• TASK BRIEF
All lines from the one containing "SPLT VE MONOBLOK ISI POMPALARI" through the last line of the listing should be given again exactly, with no pictures.

• GIVEN MATERIAL

····················

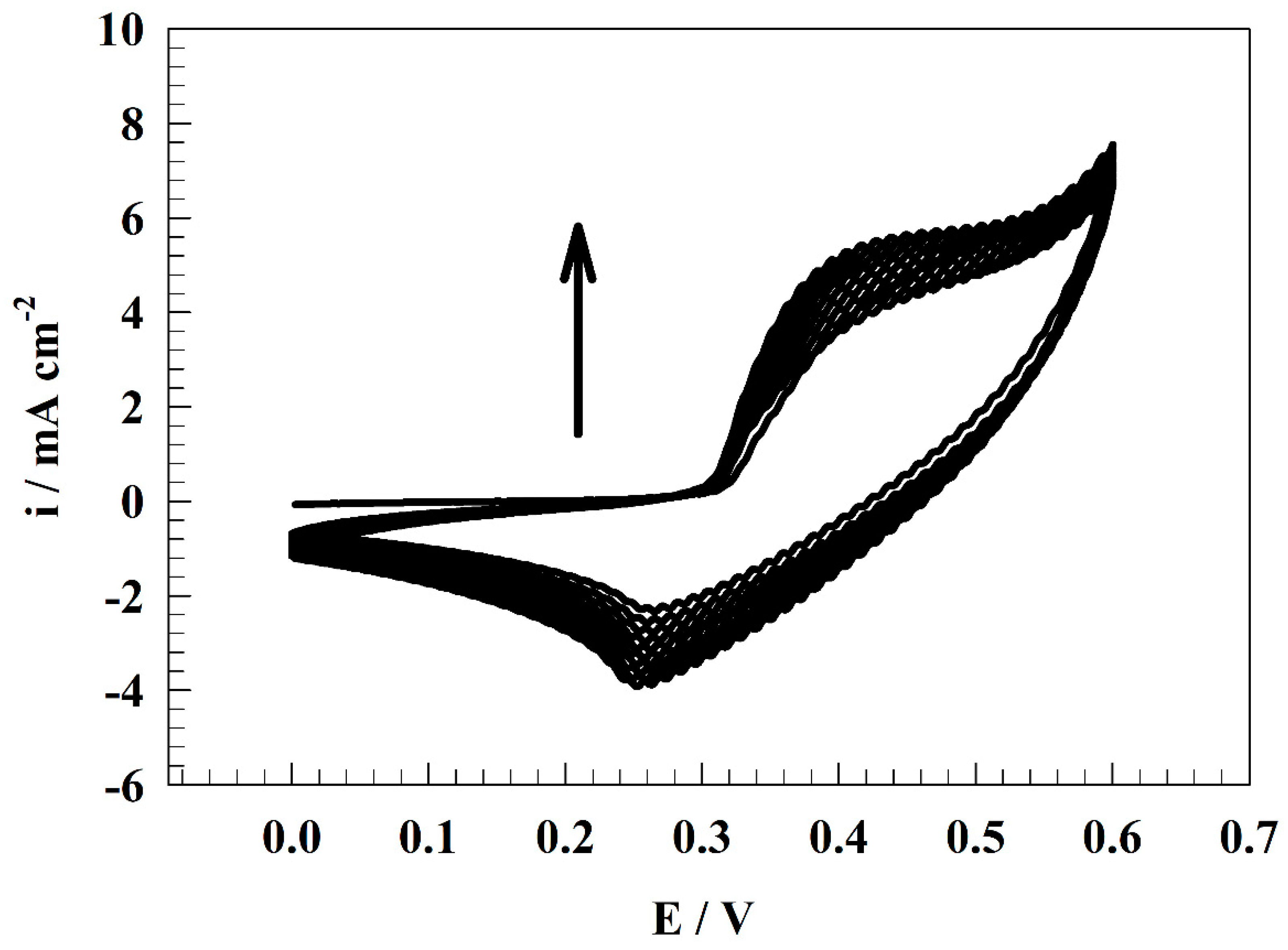 Polymers 15 03058 g004 Polymers 15 03058 g004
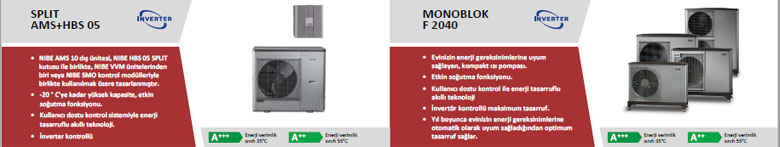 SPLT VE MONOBLOK ISI POMPALARI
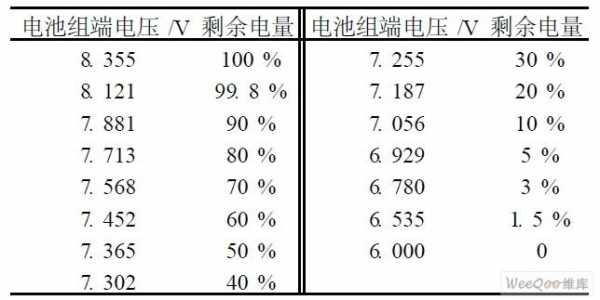 干电池电压（干电池电压低于多少算没电了）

····················

• TASK RESPONSE
 SPLT VE MONOBLOK ISI POMPALARI
 干电池电压（干电池电压低于多少算没电了）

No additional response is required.